- [Task brief] Omitting all images, output the entries that follow exactly as written.

- [Image-caption web data]

►

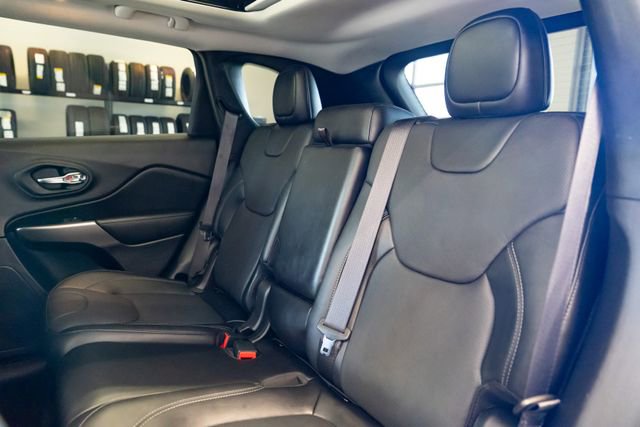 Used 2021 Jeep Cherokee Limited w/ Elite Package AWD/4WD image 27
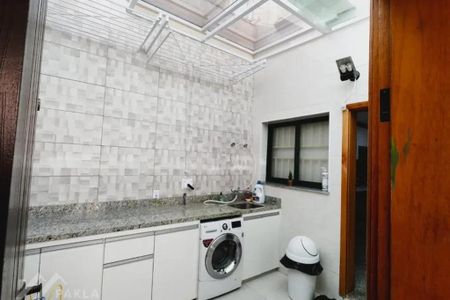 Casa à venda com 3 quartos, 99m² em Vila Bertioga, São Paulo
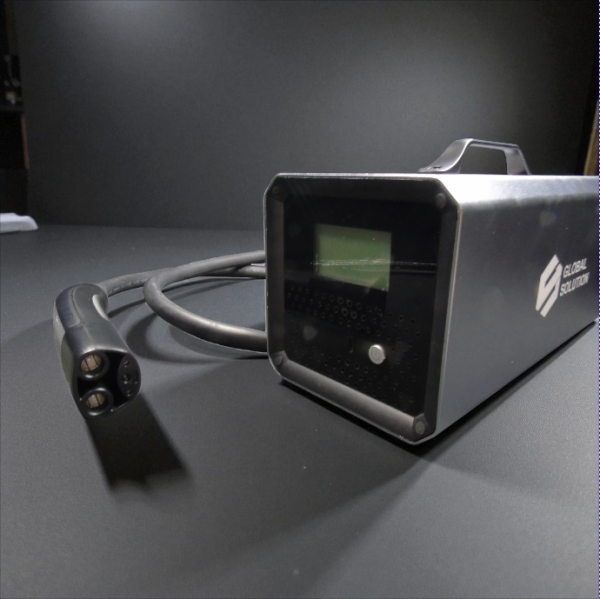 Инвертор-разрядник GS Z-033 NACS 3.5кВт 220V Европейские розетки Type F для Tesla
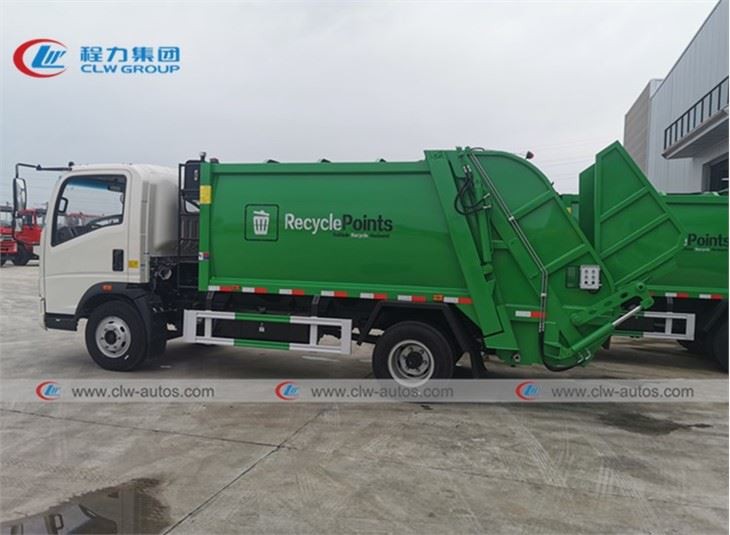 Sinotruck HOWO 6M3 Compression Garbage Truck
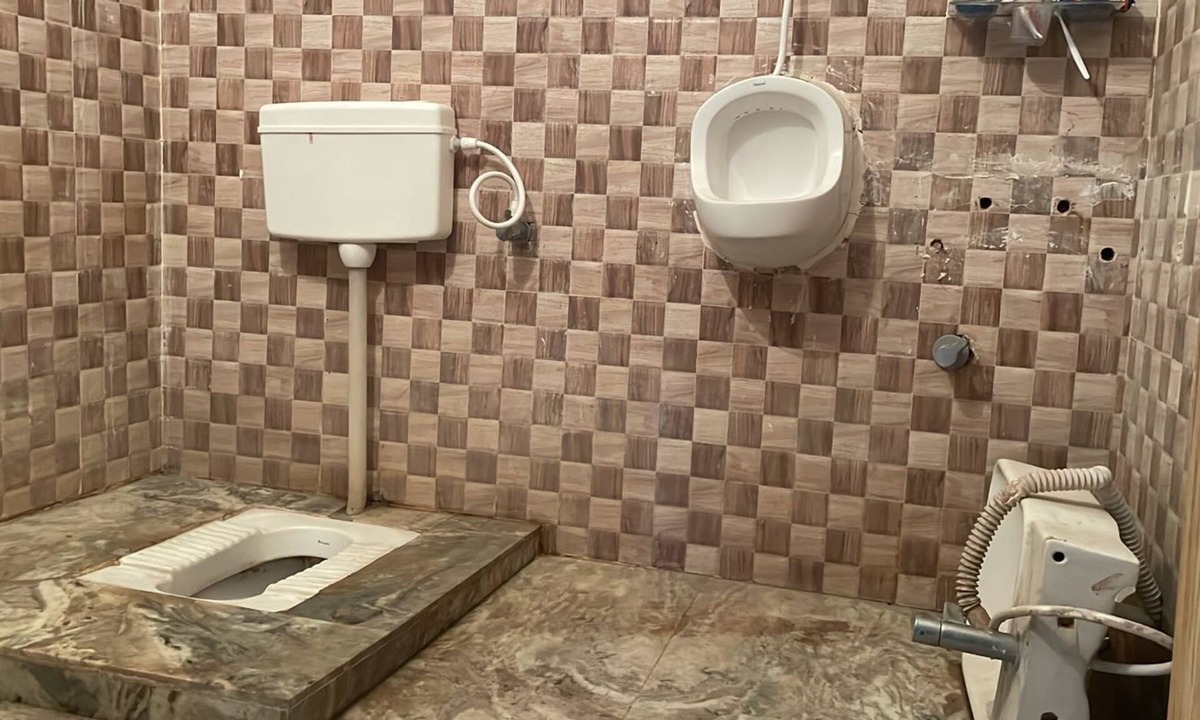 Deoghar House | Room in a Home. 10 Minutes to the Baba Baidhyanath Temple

◄

- [Result of the task]
 Used 2021 Jeep Cherokee Limited w/ Elite Package AWD/4WD image 27
 Casa à venda com 3 quartos, 99m² em Vila Bertioga, São Paulo
 Инвертор-разрядник GS Z-033 NACS 3.5кВт 220V Европейские розетки Type F для Tesla
 Sinotruck HOWO 6M3 Compression Garbage Truck
 Deoghar House | Room in a Home. 10 Minutes to the Baba Baidhyanath Temple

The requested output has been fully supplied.